Mickey and the Doctor go to the Aldgate tube station, to reach a conduit full of phone lines, which passes within a few inches of the decontamination chamber. Mickey asks how he plans to get through the wall, and the Doctor says 'I'm getting quite good at resonating concrete.' He tells Mickey that the tunnel is probably one of the safest places to be, as there aren't many people around to filch water from, so no image of Rose to haunt them. 'I don't want to see her like that again. Do you?'

Rose is moving around underwater, and thinking of her family and the Doctor. Huntley finds Rose, and takes her to where a few of the Ascendant crew are together, including Jay. He tells her that she can't think of her loved ones, because it is what will make them like her. She thinks of the TARDIS instead, and that helps. Huntley tells her that some people have been able to see through their images, and control them somewhat, and encourages her to try.

Crayshaw takes Vida to an empty Stanchion House in the morning, to arrange a meeting with Kelper, but he is already there. Vida tries to escape with him, but the water prevents it, and they are taken into the lift. When they reach the basement, they find all the rest of the staff. The decontamination doors open, and filthy water comes flooding in.

There is a sudden explosion, and part of the wall tumbles in, revealing Mickey and the Doctor. Vida, Kelper, and a couple of other people manage to climb out before the water traps everyone else. Kelper leaves to talk to the military, saying 'We're going to need Torchwood.' As the Doctor, Mickey and Vida talk about what to do next, the Rose image appears to the Doctor and starts to drain water from Mickey and Vida. Rose herself is able to stop it though, and tell the Doctor to stop the aliens. The Doctor says that she was able to hijack the apparition.

The Doctor realizes that the filaments that Vida has been working with disrupt communication in the hive, and this might be a way to defeat them. He sends Mickey and Vida to find the crates that were on the Ascendant and dump them into the river, while he creates a distraction. At the same time, Rose, Jay, Huntley and the others start making their way toward the surface. Vida and Mickey are almost caught by the water, but Rose and the rest interfere, and then help them to release the filaments.

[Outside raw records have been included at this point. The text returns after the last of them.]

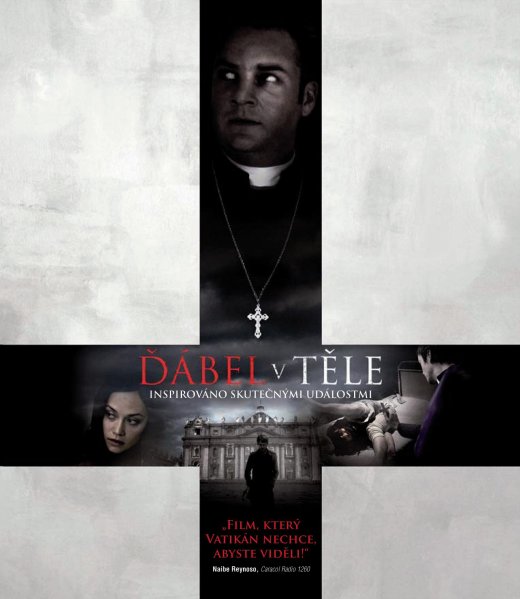 szczegóły Ďábel v těle - Blu-ray
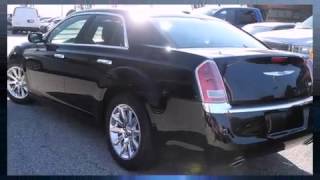 2012 Chrysler 300 Limited in Silver Spring, MD 20904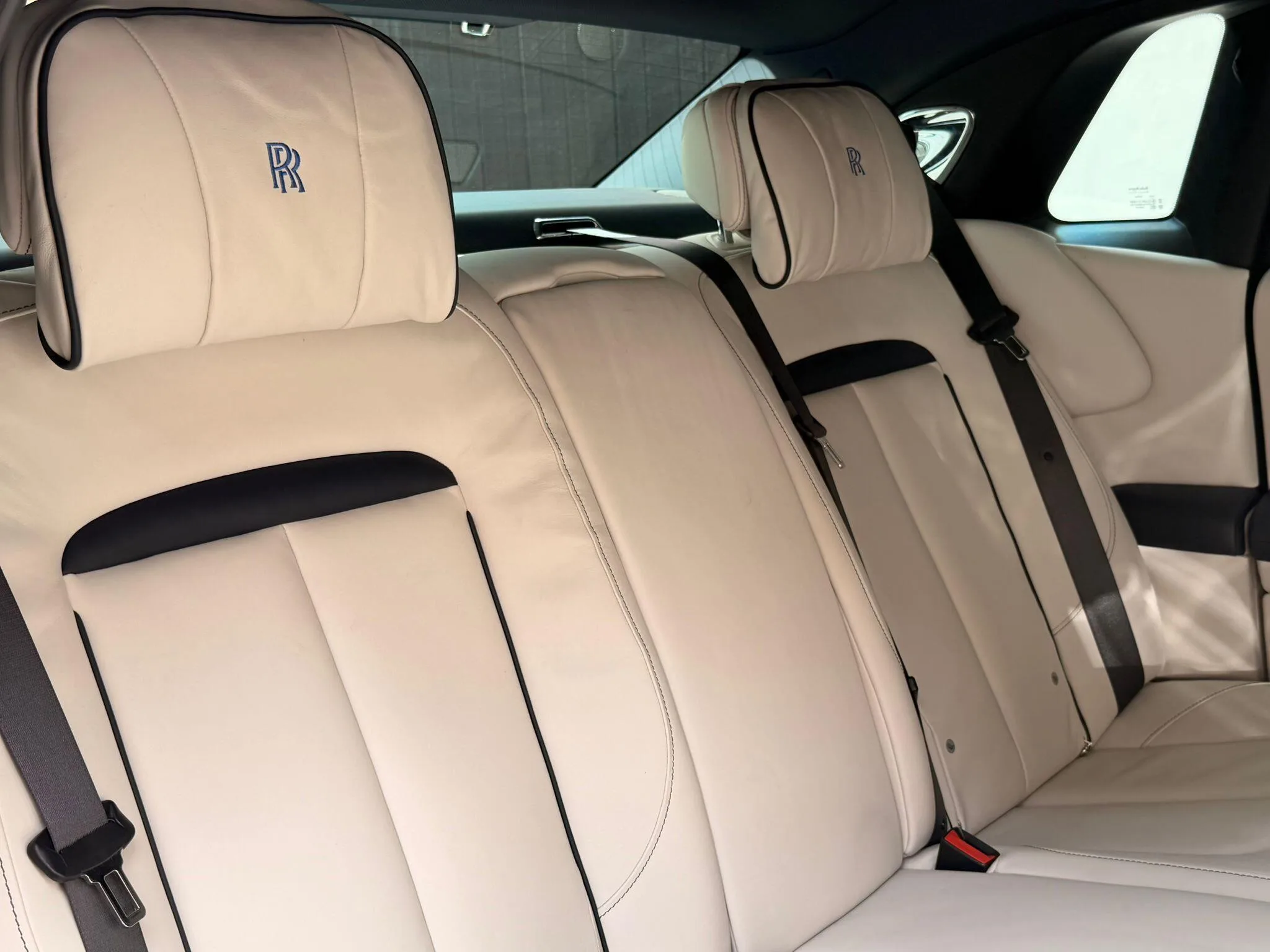 2021 Rolls-Royce Ghost, 21/30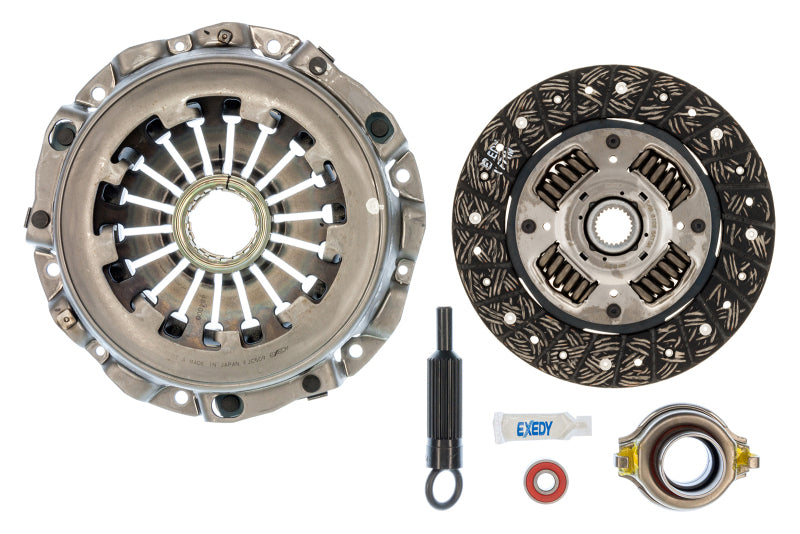 Exedy OE 1991-1994 Subaru Legacy H4 Clutch Kit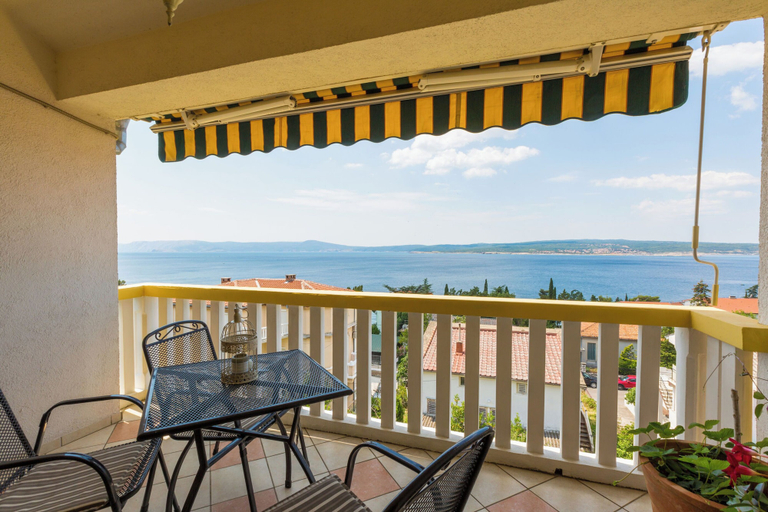 Others 4, Apartments Neno, Crikvenica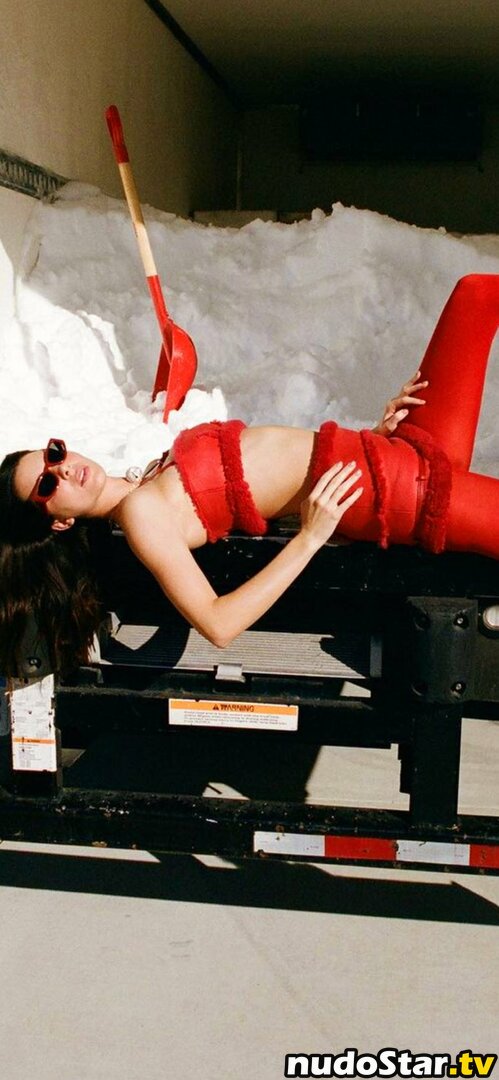 Kendall Jenner / KendallJenner Nude OnlyFans Leaked Photo #501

As they are released, Rose thinks of the Doctor, and is able to see him and tell him that they have done it. He says, 'Of course you did it,' and activates the tracers. The water in the Thames thickens and changes, and all the people who had been taken are pushed to the surface, restored to normal.

==Continuity==
- This book might take place after "Tooth and Claw". The Doctor tells Rose that humans are "big bags of water" and Rose replies by saying "I remember you saying something like that." In "Tooth and Claw", he tells her "You're 70% water and can still drown" (in response to using the moonlight to stop the werewolf).
- When Rose asks the Doctor if they can try to find out what happened with the Ascendant, he agrees, and she replies "I never knew – my wish really is your command" which echoes a line in "Father's Day", where the Doctor says "Your wish is my command."
- The Doctor is now able to resonate concrete (several times), even though he seemed to have trouble with it in "The Doctor Dances".
- The Doctor says "Ace-a-mundo – a word I shall hopefully never use again," which is similar to his line "Correct-a-mundo – a word I have never used before and, hopefully, never will again" in "School Reunion".
- At the start of chapter fifteen, Kelper says "We're going to need Torchwood," referring to the Torchwood story arc.
- The Doctor uses his alias 'John Smith'.
- There are references to the events of the episode "Aliens of London" – specifically, Rose's "disappearance". This book explores what happened during that time.

==Audio book==
An abridged audio book version of The Feast of the Drowned, read by David Tennant, was released in July 2006 by BBC Audiobooks. Also included was an interview with the author by David Darlington.

The audio book version was given away free in two parts with two consecutive issues of Radio Times in December 2006 and January 2007. These versions omitted the interview.